Instructions to follow: Would you return the listing exactly as written, apart from its pictures?

Exercise material:
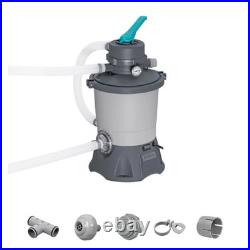 Bestway 950 GPH Above Ground Swimming Pool Sand Filter Pump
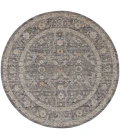 Nourison Lynx Slate Multicolor LNX03 8 ft. X Round Rug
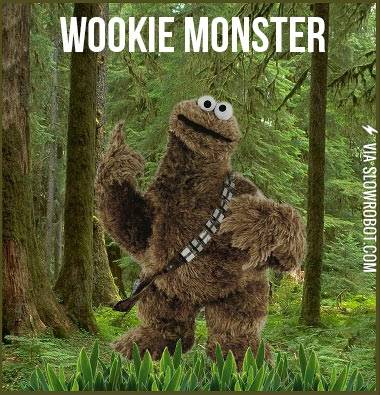 Wookie+Monster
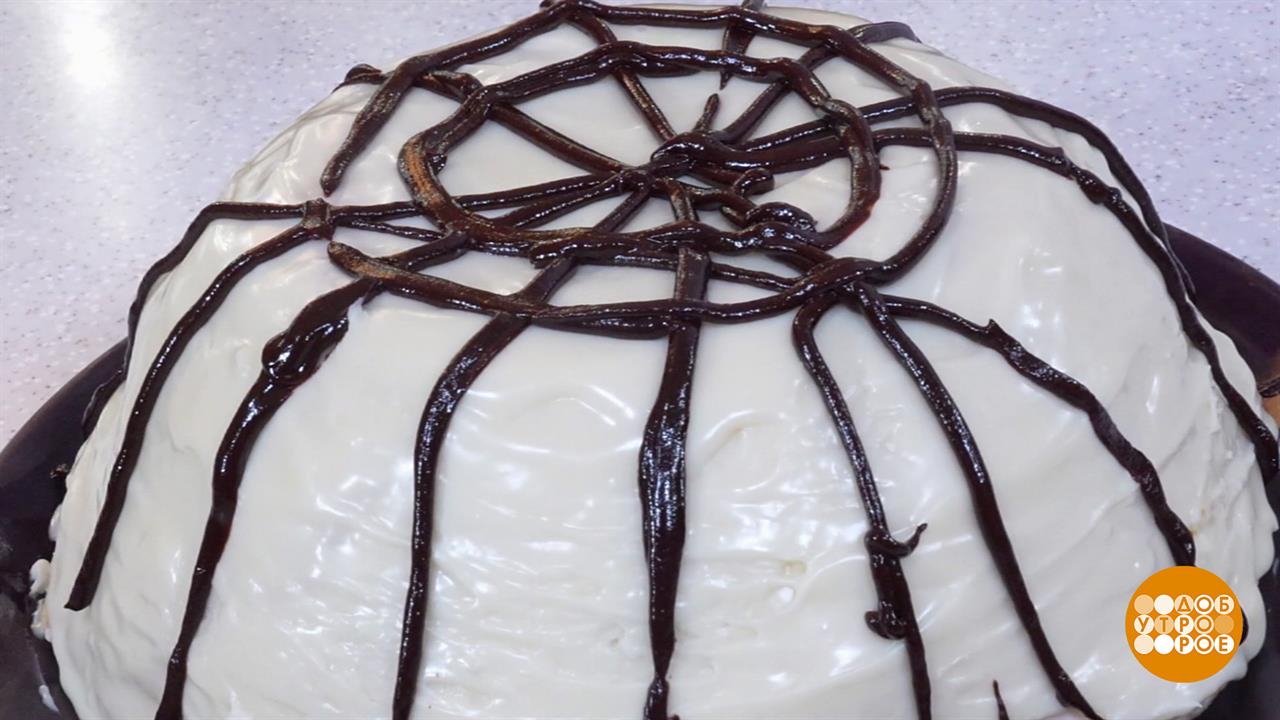 Готовим блинный торт. Доброе утро. Фрагмент выпуска от 20.02.2026 смотреть онлайн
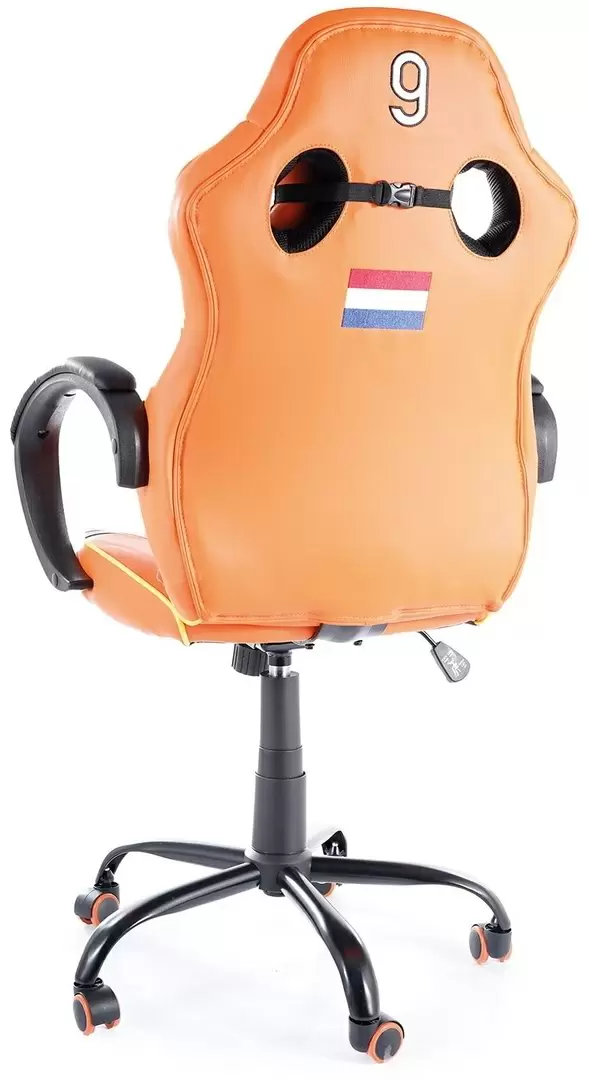 Scaun gaming Signal Holland, portocaliu/negru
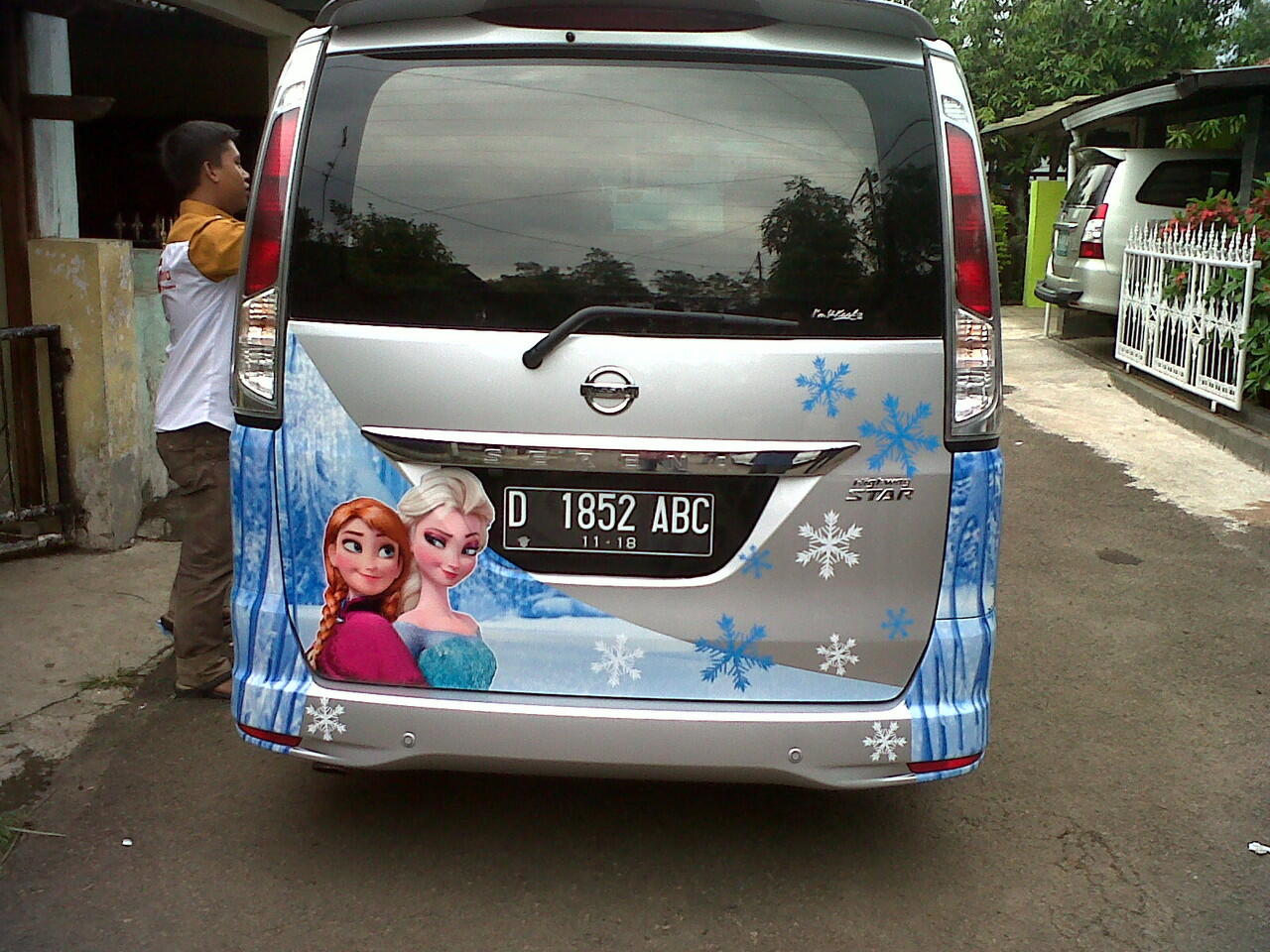 Jual Stiker Mobil Frozen Sticker KASKUS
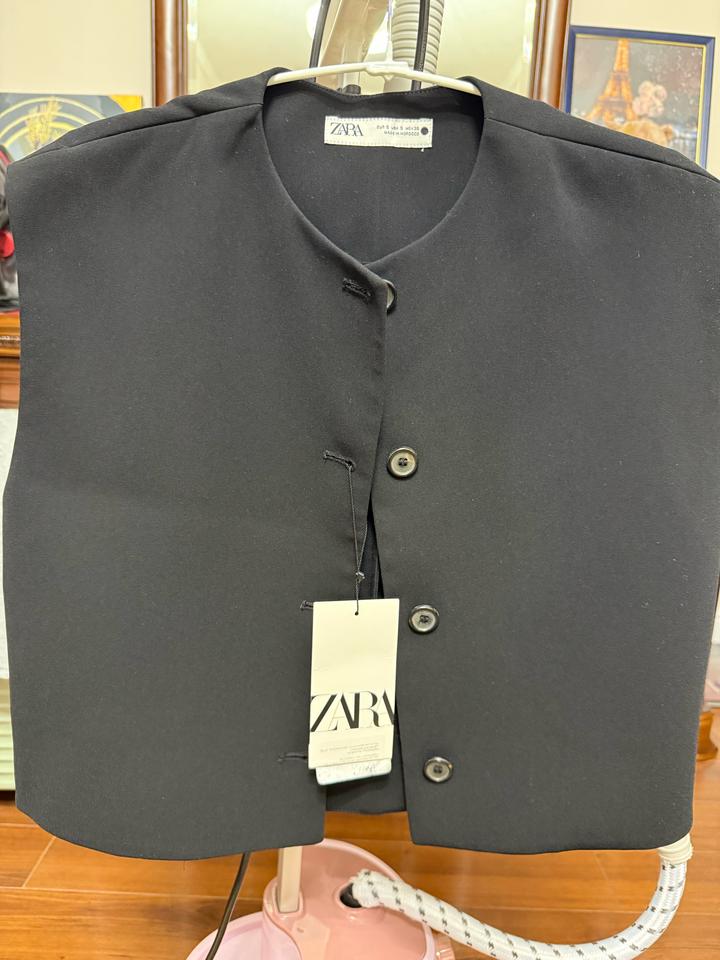 Укороченный жакет ZARA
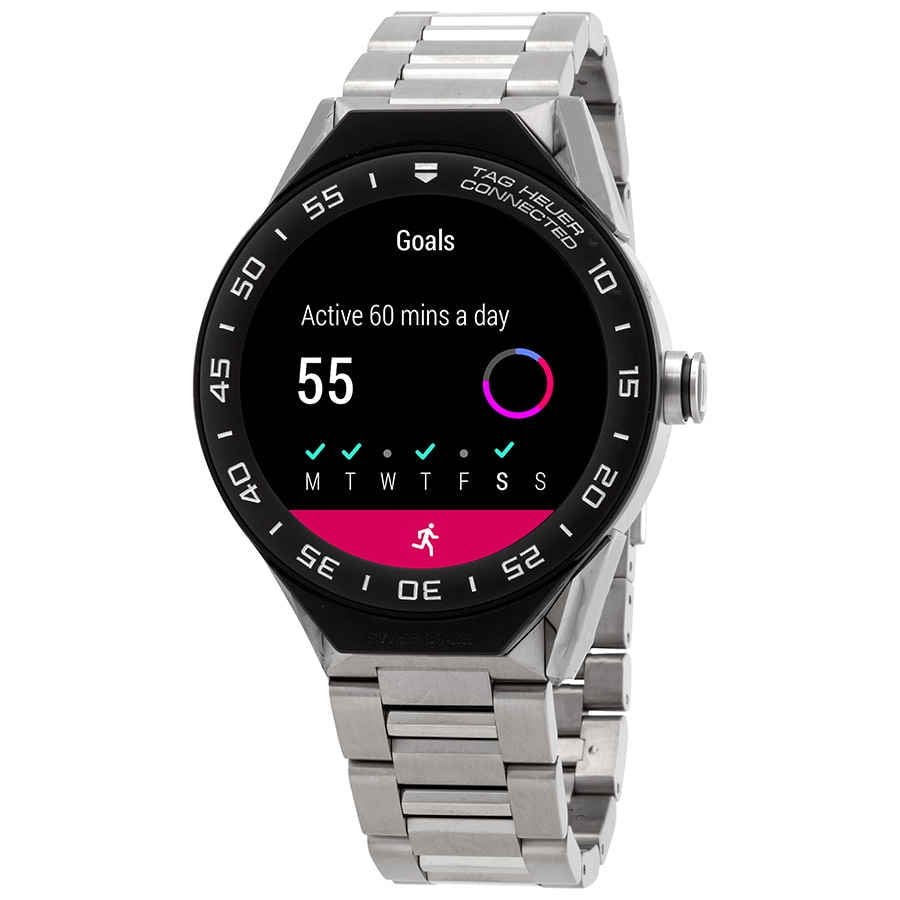 Tag heuer cheap connected 45 titanium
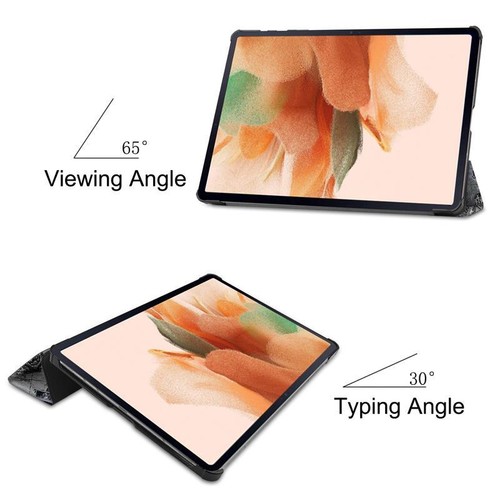 Hybrid Case For Samsung Galaxy Tab S7 S7+ Plus S7 FE Stand Cover Leather Tablet - Picture 11 of 31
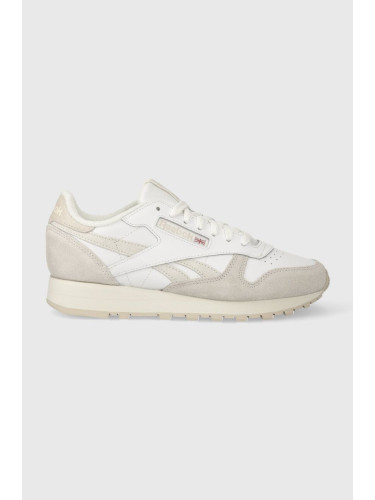 Маратонки Reebok Classic Leather в бяло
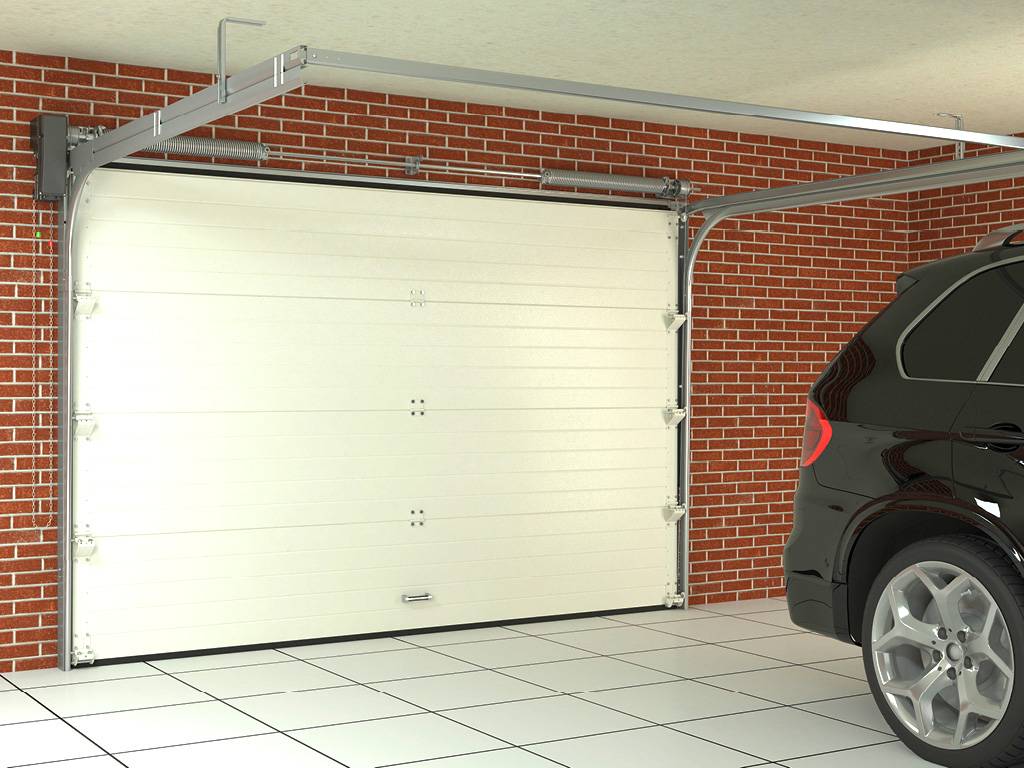 Как выбрать автоматические ворота для гаража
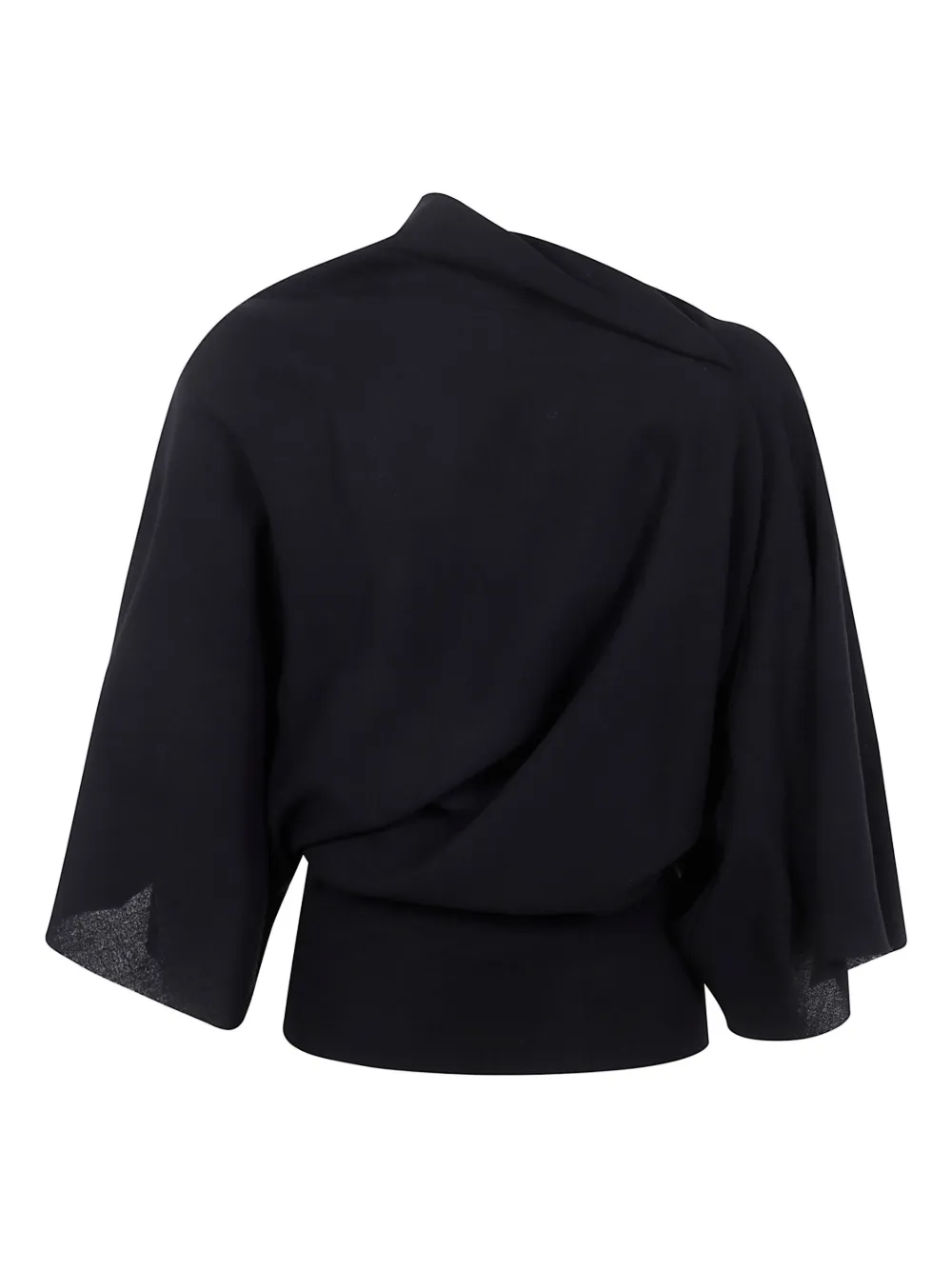 Топ асимметричного кроя с драпировкой Rick Owens
Топ асимметричного кроя с драпировкой Rick Owens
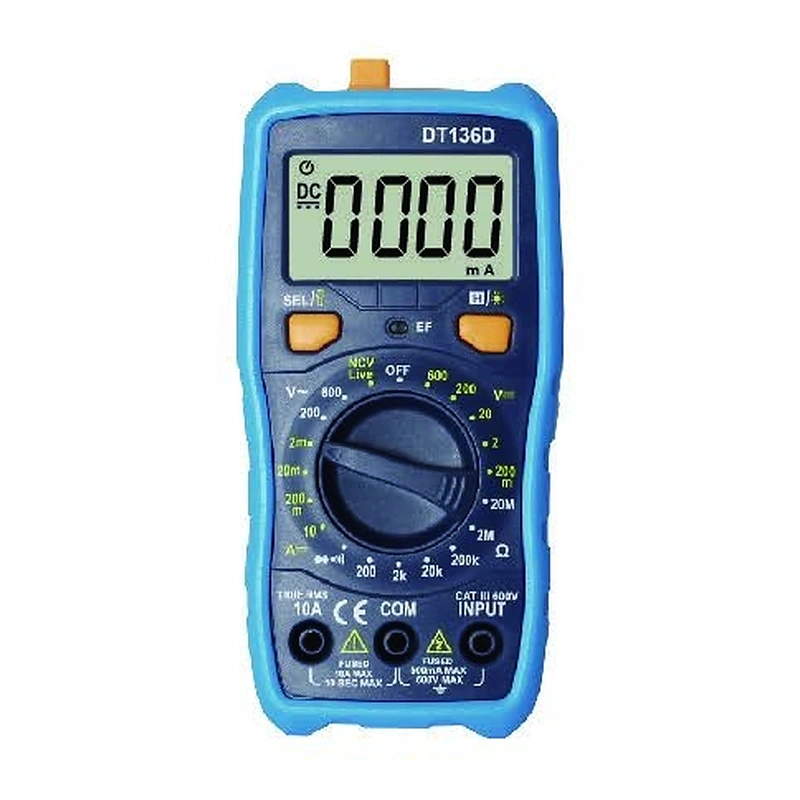 DT136D Digital Multimeter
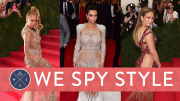 We Spy: Why Was Everyone Naked at the Met Ball?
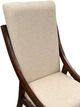Vintage Furniture Royal Padded Chair-1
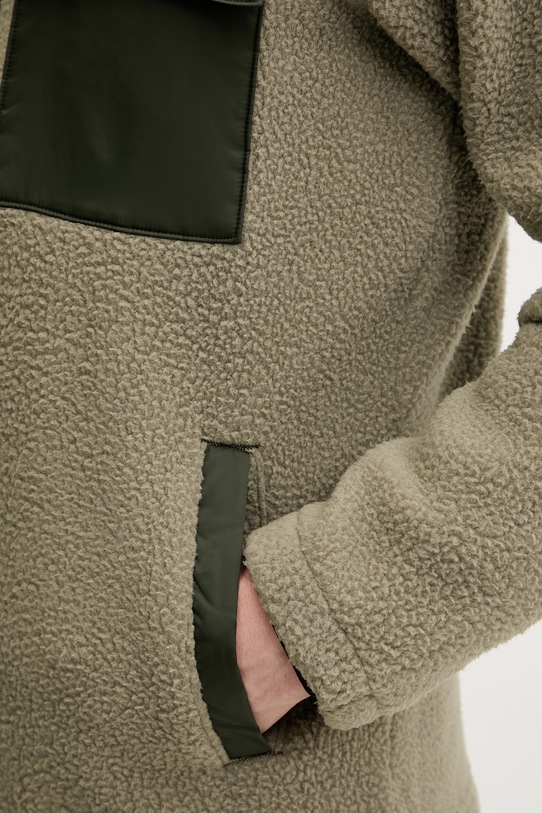 Columbia bluza polarowa Juniper Peak 2131474 zielony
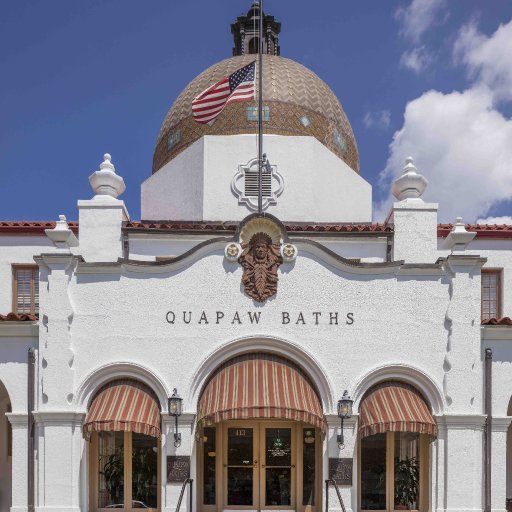 Bathhouse Row - Quapaw - 2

Reply to the task:
 Bestway 950 GPH Above Ground Swimming Pool Sand Filter Pump
 Nourison Lynx Slate Multicolor LNX03 8 ft. X Round Rug
 Wookie+Monster
 Готовим блинный торт. Доброе утро. Фрагмент выпуска от 20.02.2026 смотреть онлайн
 Scaun gaming Signal Holland, portocaliu/negru
 Jual Stiker Mobil Frozen Sticker KASKUS
 Укороченный жакет ZARA
 Tag heuer cheap connected 45 titanium
 Hybrid Case For Samsung Galaxy Tab S7 S7+ Plus S7 FE Stand Cover Leather Tablet - Picture 11 of 31
 Маратонки Reebok Classic Leather в бяло
 Как выбрать автоматические ворота для гаража
 Топ асимметричного кроя с драпировкой Rick Owens
Топ асимметричного кроя с драпировкой Rick Owens
 DT136D Digital Multimeter
 We Spy: Why Was Everyone Naked at the Met Ball?
Vintage Furniture Royal Padded Chair-1
 Columbia bluza polarowa Juniper Peak 2131474 zielony
 Bathhouse Row - Quapaw - 2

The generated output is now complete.